Something in your question is missing, can't tell what. I am also surprised by the answers.

Not sure if you must use lists or if you can use atoms or strings. Atoms and strings have sub_atom/5 and sub_string/5, resp, which can be used for searching. Like this:

?- sub_atom(vnvnvvvvvvnvv, Before, Len, After, vnv).
Before = 0, Len = 3, After = 10 ;
Before = 2, Len = 3, After = 8 ;
Before = 9, Len = 3, After = 1 ;
false.

The same but with strings works with sub_string/5.

And if you are already using SWI-Prolog, you can use library(aggregate) to count solutions:

?- aggregate_all(count, sub_atom(vnvnvvvvvvnvv, _,_,_, vnv), N).
N = 3.

?- aggregate_all(count, sub_atom(vnvnvvvvvvnnnvv, _,_,_, vnv), N).
N = 2.

So far you don't need to program anything. If you must use lists, the two appends are enough:

?- aggregate_all(
      count,
      ( append(_, Back, [v,n,v,n,v,v,v,v,v,v,n,n,n,v,v]),
        append([v,n,n,n,v], _, Back)
      ),
      N).
N = 1.

And remember that you also have the regular expression library library(pcre). If you use the example code from the docs:

:- use_module(library(pcre)).

re_match_count(Regex, String, N) :-
    re_foldl(inc, Regex, String, 0, N, []).

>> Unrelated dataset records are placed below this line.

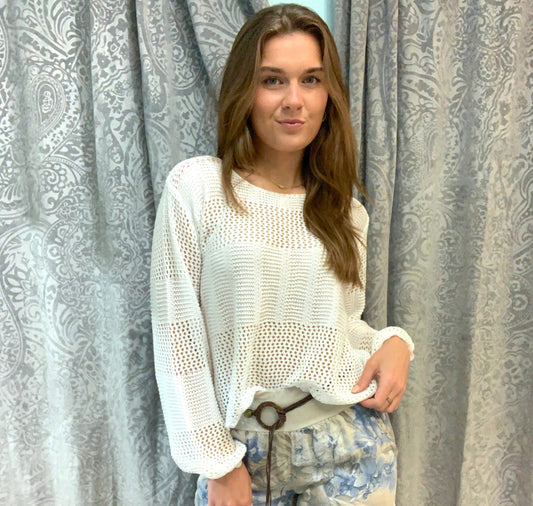 White Knitt Sweater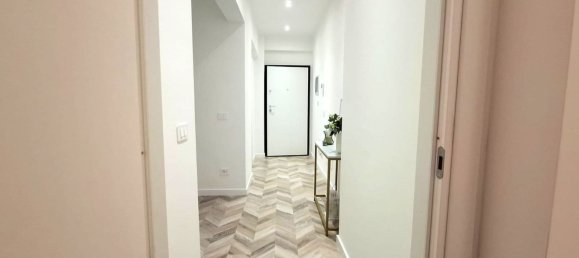 2 rooms Apartment in Rome, Italy No. 16934 18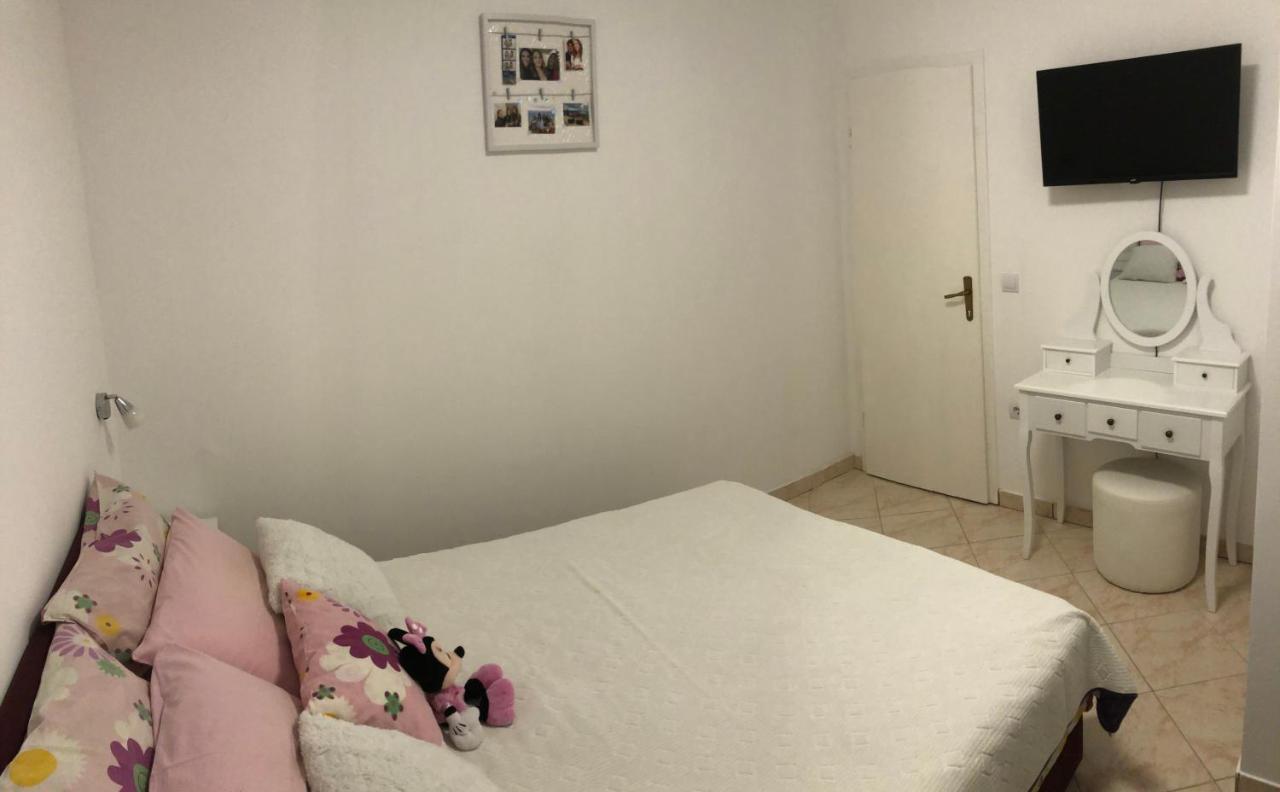 Apartments Ljube Makarska Eksteriør billede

inc(_, V0, V) :- V is V0 + 1.

you can also count, using either atoms or strings:

?- re_match_count('vn{1}(?=v)', vnvnvvvvvvnvv, N).
N = 3.

?- re_match_count("vn{3}(?=v)", "vnvnvvvvvvnnnvv", N).
N = 1.

(Note: these regexes use "zero-width positive lookahead". They were initially borked by me, and fixed after Will Ness noticed the mistake).

In this example all information about the match itself is discarded and only the number of matches is counted. You could do anything you feel using the first argument to re_foldl/6.

Note: you need to measure what works fastest for you. If there is a way to read and keep the strings as Prolog strings, and use library(pcre), that might be faster than other methods.

Finally, if you want to use a DCG for the pattern recognition, you can use the following code to "match anywhere":

match_dcg(G) --> string(_), call(G), remainder(_).

This now completely ignores what comes before and after, or the position of the match within the list. You can use it like this, with your own open_rep//2:

?- aggregate_all(
       count,
       phrase(match_dcg(open_rep(n, 1)), [v,n,v,n,v,v,v,v,v,v,n,v,v]),
       N).
N = 3.

The difference between match_dcg//1 as defined here and the match//1 in the example in the docs to phrase_from_file/2 is that match_dcg//1 takes another DCG as an argument, not a pattern (substring).

Upvotes: 3

brebs

Reputation: 4456

Here's a better method for a sublist:

sublist1([H|T], Index, Length, Sublist) :-
    sublist1_start_(T, H, 1, Index, Length, Sublist).

% P = previous
sublist1_start_(L, P, Ind, Index, Length, Sublist) :-
    sublist1_loop_(L, P, Ind, Index, 1, Length, Sublist).
sublist1_start_([H|T], _, Ind, Index, Length, Sublist) :-
    Ind1 is Ind + 1,
    % Go to next element
    sublist1_start_(T, H, Ind1, Index, Length, Sublist).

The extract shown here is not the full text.